In light of such uncertainties over what the future may bring there was an awareness of the need to ensure that the development community engaged with the concerns of senior management and we made use of mechanisms to provide the flexibility needed in a time of uncertainties. Such approaches which were mentioned included scenario planning and monitoring of strong and weak signals.

What, then, were the signals I detected at the conference?

In the conference’s closing plenary talk will Bill Thompson was  optimistic about the future. In a review of technological developments Bill teased us with visions of electronic contact lenses, e-paper and other cool innovations.

I met Bill at the first WWW conference, held in CERN in 1994. Like Bill, I too was excited about the promise of the Web back then and still retain a similar sense of optimism and excitement.  And yet hearing similar views to mine being expressed I started to think about doubts and scepticisms. I have (fairly rapidly) gone through a period of excitement over my open source (Android) mobile phone (the camera application kept crashing on me a few days before the CETIS conference) and so felt Bill’s belief that the benefits of an open source environment would inevitably (within about 2 years, Bill suggested to me) deliver a better tool that the closed environment of today’s market leader, the iPhone.

Hearing Bill made me reflect on some of the other innovations  which I and other have felt would have significant impact over the years. About 10 years ago the exciting new technologies was VRML:  an open virtual reality environment which, it was promised, but build on the success of the Web, and even replace the 2D Web world with a much richer and more interactive distributed 3D environment.   And then, more recently, we had the excitement of Second Life: proprietary and centralised, but very exciting. Or at least exciting to some.  But not featured at the CETIS conference, zithromax online australia unlike the more mundane but relevant learning competencies, eporfolios and learning objects (but this year they were open).  The lack of discussion about Second Life was not due to its ubiquity and universal embedding within institutions!

Yes, I think we can say that at this year’s CETIS conference the participants were aware of the need to ensure that the innovative aspects of elearning which were discussed could be embedded within an institutional context.   And it was pleasing that senior managers (from, for example the Universities of Oxford,  Stafford and Highlands and Islands) were present at the conference and engaged in the discussions.

In the two parallel sessions I attended (on University API and Universities and Colleges in the Giant Global Graph) we did have discussions on various barriers. In the former session I  gave a brief talk entitled “University API? WTF?” in which I warned of the dangers that we were simply peddling the latest technology fix, whilst the user community was still waiting for previous universal cures to materialise.  But, to be honest, I’m still searching for a mechanism for productively exploring such issues, which can avoid the predictable responses of “We need concrete user cases”, “We need to market the benefits more effectively”, “We need to get senior managers on user side”, …

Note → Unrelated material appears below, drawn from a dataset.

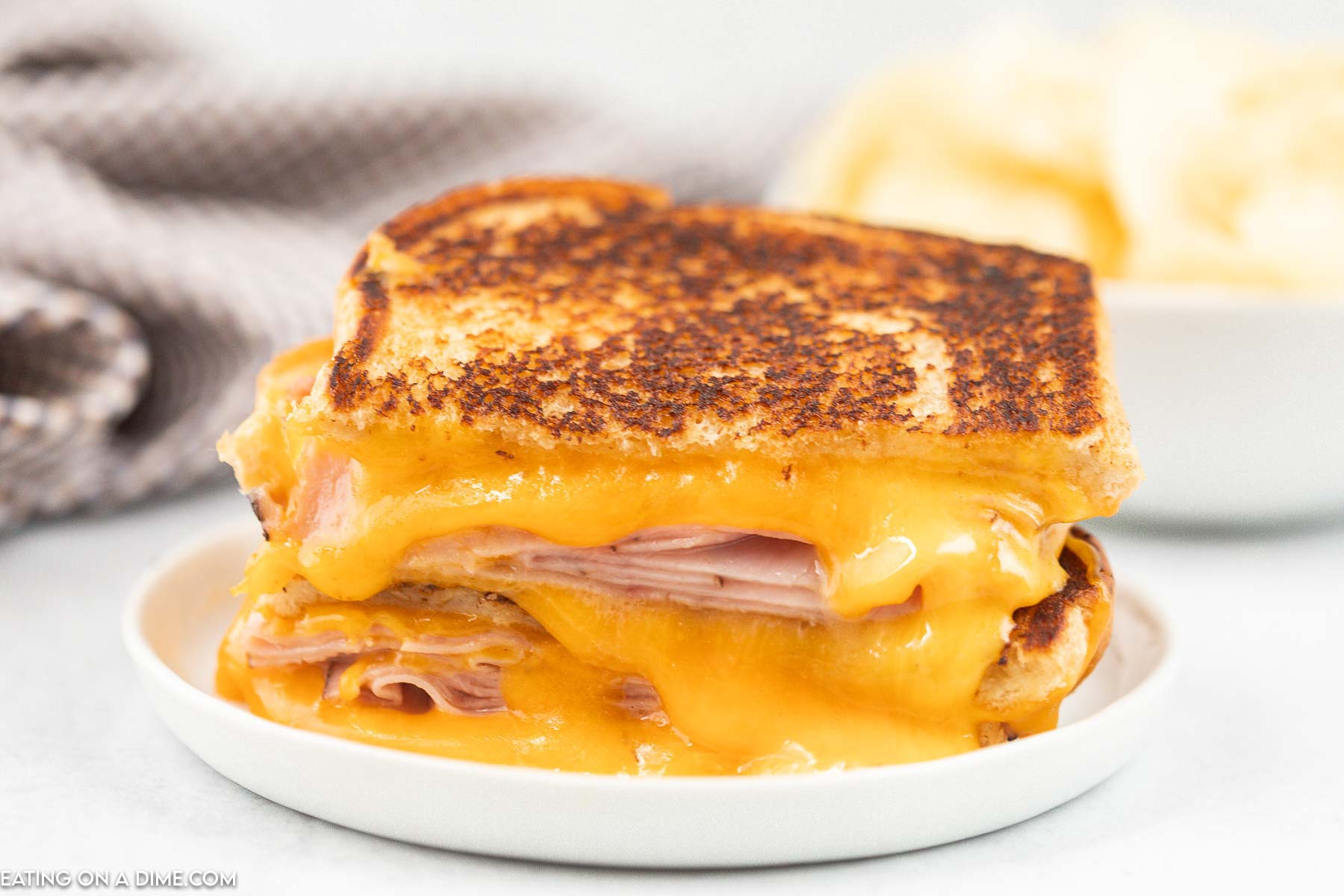 Grilled ham and cheese sandwich on a plate.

And in the Universities and Colleges in the Giant Global Graph session the technical issues again were the main focus of the debate.   My colleague Paul Walk did help to decouple some of the topics we were discussing (open data, open linked data and the Semantic Web) and, most usefully, ensured that his thinking was not just trapped in the space and time of the session but published on his blog (with the benefit of subsequent discussions).

Did either of the sessions provide senior managers with an indication of not only tangible benefits of University APIs or Linked Data but confidence that making resources (staff time and money) would provide a satisfactory ROI? I think not.  But perhaps that may be because such approaches are not yet ready for large-scale service deployment. Which isn’t to say that testing of prototypes shouldn’t be encouraged. But in addition to such project funded or small-scale activities, there is a need to be able to convince the senior managers on the grounds of business efficiencies or new opportunities, and not just on the merits of the technologies themselves. And we need to remember the lessons of the past – after all, in the Universities and Colleges in the Giant Global Graph session we appeared to be reinventing X.500 directory services.

(Note: when initially published the final sentence of this blog post was corrupted. The final sentence has been rewritten.)